Dataset excerpt.
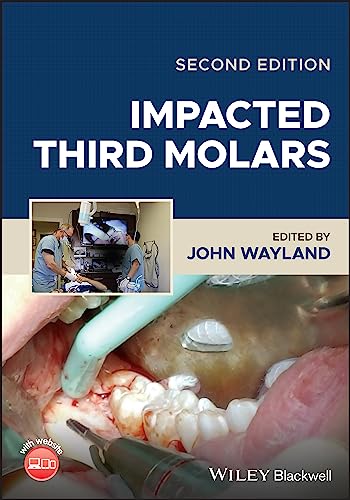 Impacted Third Molars [Hardcover]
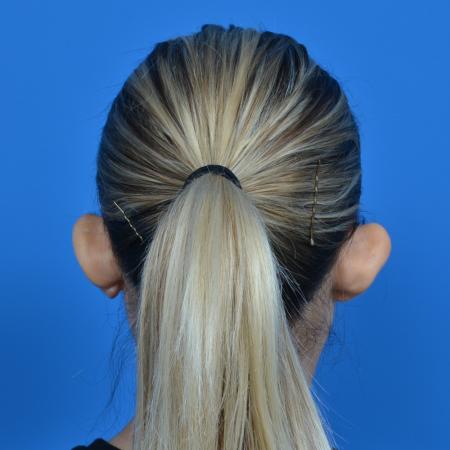 Before image 4 Case #126176 - otoplasty and earlobe repair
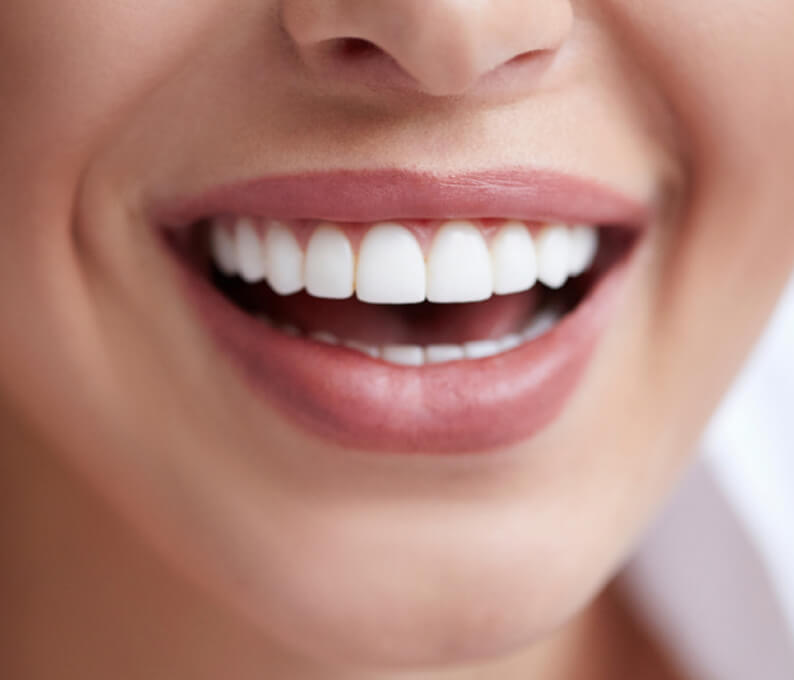 Teeth Whitening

Task details. Reproduce the whole listing verbatim. Pictures stay out of the copy.

Exercise output.
 Impacted Third Molars [Hardcover]
 Before image 4 Case #126176 - otoplasty and earlobe repair
 Teeth Whitening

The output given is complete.